1.3k Views Asked by At

I am trying to calculate the sum of volume for the last thirty days for a set of stocks on particular days in the table important_stock_dates. The table all_stock_dates contains the same stocks but with trading volume for all dates, not just the particular days.

Sample data

all_stock_dates

stockid, date, volume  
0231245, 20060314, 153  
0231245, 20060315, 154  
2135411, 20060314, 23  

important_stock_dates

stockid, date, thirtydaysprior  
0231245, 20060314, 20060130  
0231245, 20060315, 20060201  
2135411, 20060314, 20060130  

My code

create table sum_trading_volume as
select a.stockid, a.date, sum(b.volume) as thirty_day_volume
from important_stock_dates a, all_stock_dates b
where b.date<a.date AND b.date ge a.thirtydaysprior
group by a.stockid, a.date;

Desired outcome

A table with all the observations from important_stock_dates that also has the sum of the volume from the previous 30 days based on matching stockid and dates in all_stock_dates.

Problem

The problem I'm running into is that important_stock_dates has 15 million observations and all_stock_dates has 350 million.

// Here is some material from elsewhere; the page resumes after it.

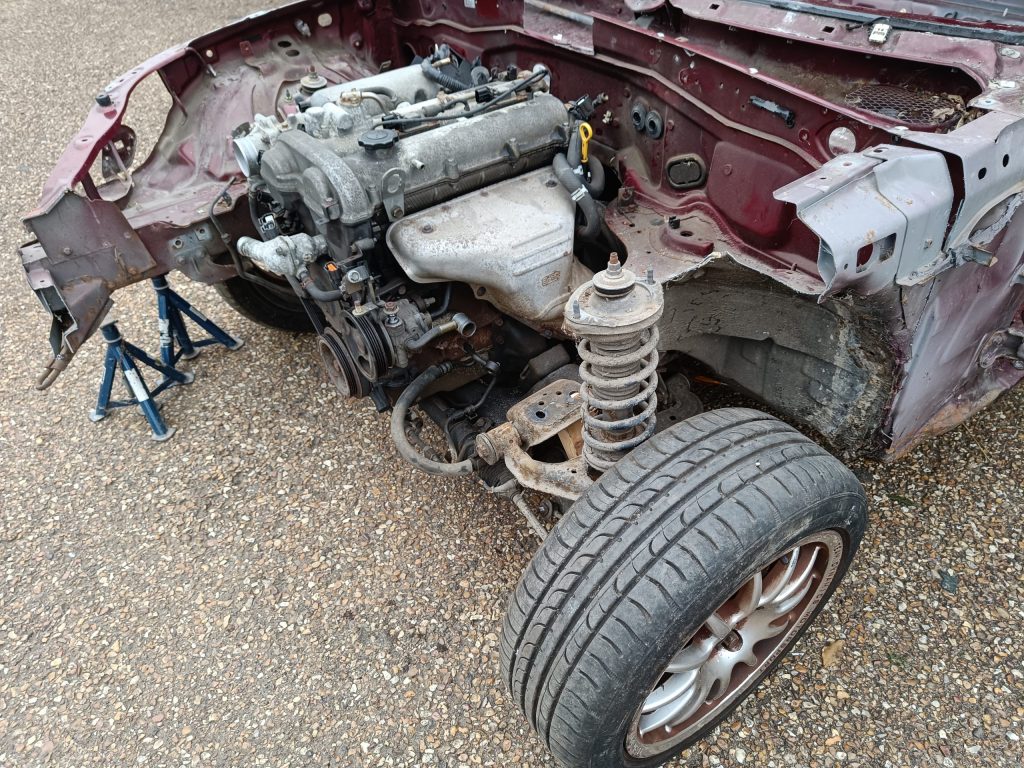 Image of donor MX5 with front panels and N/S inner wing / chassis rail removed.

It uses up a few hundred gigabytes of swap file running this code (maxes out the hard drive) then aborts. I can't see how to optimize the code. I couldn't find a similar problem on StackOverflow or Google.

1

There are 1 best solutions below

3
On BEST ANSWER

Presumably, the query that you want joins on stockid:

create table sum_trading_volume as
    select isd.stockid, isd.date, sum(asd.volume) as thirty_day_volume
    from important_stock_dates isd join
         all_stock_dates asd
         on isd.stockid = asd.stockid and
            asd.date < isd.date and asd.date >= isd.thirtydaysprior
    group by isd.stockid, isd.date;

If this worked, it will probably run to completion.